Goodrum v. Ensign Bank

McMurray, Presiding Judge.

Plaintiff Ensign Bank, F.S.B., assignee of J.D.S. Vendor Services, Inc., brought suit against defendant Leon Goodrum seeking $11,830.01 plus interest and attorney fees pursuant to a written contract of guaranty. Defendant answered the complaint, denied liability, and filed a third-party claim against Microwave Express, Inc., the party which executed the contract guaranteed by defendant.

Plaintiff moved for summary judgment against defendant. The trial court granted the motion and defendant appeals. Held:

1. The motion to dismiss the appeal is denied.

2. Defendant contends the attorney fee demand letter was insufficient because it failed to identify the contract underlying defendant’s indebtedness with sufficient specificity. See generally Pippin v. Brigadier Indus. Corp., 150 Ga. App. 401, 403 (3b) (258 SE2d 18). In this regard, defendant points out that he executed a guaranty in favor of NMI, Inc. and the demand letter simply refers to a “contract” which defendant “executed ... in favor of Ensign Bank. . . .”

“The purpose of the law relating to the giving of ten days’ notice to the debtor of the creditor’s intention to enforce the provision for attorney fees in a contract is to allow the debtor to pay the principal and interest on the contract within ten days from receipt of the notice and relieve himself of the liability to pay attorney fees. Dixie Const. Co. of Ga. v. Griffin, 104 Ga. App. 457 (1) (121 SE2d 926).” Gresham v. Rogers, 147 Ga. App. 189, 191 (2) (248 SE2d 225). This purpose cannot be served unless the notice “states the note upon which attorney’s fees will be claimed. . . .” Rylee v. Bank of Statham, 7 Ga. App. 489, 493 (3), 495 (67 SE 383). In our view, the demand letter failed to comply with this requirement. It did not identify the underlying basis of defendant’s indebtedness with sufficient specificity. Compare Pippin v. Brigadier Indus. Corp., 150 Ga. App. 401, 403, supra.

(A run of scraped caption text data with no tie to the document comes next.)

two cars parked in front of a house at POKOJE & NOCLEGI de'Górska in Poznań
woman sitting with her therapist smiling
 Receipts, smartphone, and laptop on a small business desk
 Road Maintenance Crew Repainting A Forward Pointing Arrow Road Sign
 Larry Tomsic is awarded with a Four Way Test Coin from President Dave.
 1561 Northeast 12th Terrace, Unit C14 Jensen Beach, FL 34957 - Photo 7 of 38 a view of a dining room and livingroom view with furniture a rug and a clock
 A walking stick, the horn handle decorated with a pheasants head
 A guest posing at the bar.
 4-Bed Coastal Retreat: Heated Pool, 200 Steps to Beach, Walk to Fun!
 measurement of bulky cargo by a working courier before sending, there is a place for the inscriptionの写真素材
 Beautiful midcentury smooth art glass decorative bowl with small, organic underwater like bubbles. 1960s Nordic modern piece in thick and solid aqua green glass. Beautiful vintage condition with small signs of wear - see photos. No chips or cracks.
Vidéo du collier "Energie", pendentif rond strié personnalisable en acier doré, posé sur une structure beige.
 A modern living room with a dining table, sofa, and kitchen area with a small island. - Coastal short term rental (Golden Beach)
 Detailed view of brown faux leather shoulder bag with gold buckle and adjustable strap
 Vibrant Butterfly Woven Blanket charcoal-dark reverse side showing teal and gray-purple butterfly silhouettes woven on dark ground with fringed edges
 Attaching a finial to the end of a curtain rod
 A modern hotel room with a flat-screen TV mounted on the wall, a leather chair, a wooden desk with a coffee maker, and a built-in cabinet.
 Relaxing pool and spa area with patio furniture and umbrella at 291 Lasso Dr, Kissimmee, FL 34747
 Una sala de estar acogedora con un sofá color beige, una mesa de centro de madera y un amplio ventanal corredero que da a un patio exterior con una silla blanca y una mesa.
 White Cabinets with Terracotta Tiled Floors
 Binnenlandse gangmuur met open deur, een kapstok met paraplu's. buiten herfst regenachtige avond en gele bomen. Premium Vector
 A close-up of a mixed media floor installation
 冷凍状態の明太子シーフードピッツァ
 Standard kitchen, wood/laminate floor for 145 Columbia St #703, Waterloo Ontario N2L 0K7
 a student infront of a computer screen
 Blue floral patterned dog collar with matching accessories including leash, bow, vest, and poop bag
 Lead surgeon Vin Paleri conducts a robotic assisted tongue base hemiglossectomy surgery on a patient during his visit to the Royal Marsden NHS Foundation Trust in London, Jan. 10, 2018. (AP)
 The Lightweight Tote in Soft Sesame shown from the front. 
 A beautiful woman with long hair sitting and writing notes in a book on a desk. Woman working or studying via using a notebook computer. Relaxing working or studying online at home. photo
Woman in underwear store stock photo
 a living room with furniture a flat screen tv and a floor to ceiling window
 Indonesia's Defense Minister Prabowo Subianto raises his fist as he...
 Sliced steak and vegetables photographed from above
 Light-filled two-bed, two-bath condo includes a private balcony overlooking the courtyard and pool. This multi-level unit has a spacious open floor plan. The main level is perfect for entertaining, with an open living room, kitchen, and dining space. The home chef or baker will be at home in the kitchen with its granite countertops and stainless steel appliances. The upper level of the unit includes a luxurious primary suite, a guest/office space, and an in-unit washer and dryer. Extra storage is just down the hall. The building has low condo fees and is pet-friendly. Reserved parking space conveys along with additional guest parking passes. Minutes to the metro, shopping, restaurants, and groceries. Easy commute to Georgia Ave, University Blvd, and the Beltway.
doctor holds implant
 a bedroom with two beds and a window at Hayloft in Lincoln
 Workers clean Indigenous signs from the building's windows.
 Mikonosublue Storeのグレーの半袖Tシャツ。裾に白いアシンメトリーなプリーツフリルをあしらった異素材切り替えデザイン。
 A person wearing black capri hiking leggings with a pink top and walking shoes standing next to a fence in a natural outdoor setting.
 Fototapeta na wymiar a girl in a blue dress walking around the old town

We are not unmindful of the fact that, in order to recover attorney fees, a creditor need only comply substantially with the provisions of OCGA § 13-1-11. General Elec. Credit Corp. of Ga. v. Brooks, 242 Ga. 109 (249 SE2d 596). Try as we might, we cannot find substantial compliance in this case. It follows that the trial court erred in granting plaintiff’s motion for summary judgment insofar as plaintiff sought the award of attorney fees pursuant to OCGA § 13-1-11.

3. Defendant’s contention that plaintiff failed to demonstrate that it is the real party in interest is utterly devoid of merit. Plaintiff clearly demonstrated that NMI, Inc. assigned the contract to J.D.S. Vendor Services, Inc., and that that entity assigned the contract to plaintiff. Besides, the guaranty expressly obligates defendant to NMI, *54Inc., “it’s successors and assigns.”

Decided November 22, 1991. Thomas, Kennedy, Sampson & Patterson, Paul L. Howard, Jr., for appellant. Stokes, Lazarus & Carmichael, Marion B. Stokes III, Richard J. Joseph, for appellees.

4. It is not inappropriate for a trial court to enter summary judgment against a defendant simply because a third-party claim remains pending. Summary judgment can be entered with regard to all or any part of a case. See OCGA § 9-11-56.

Judgment affirmed in part and reversed in part.

Sognier, C. J., and Andrews, J., concur.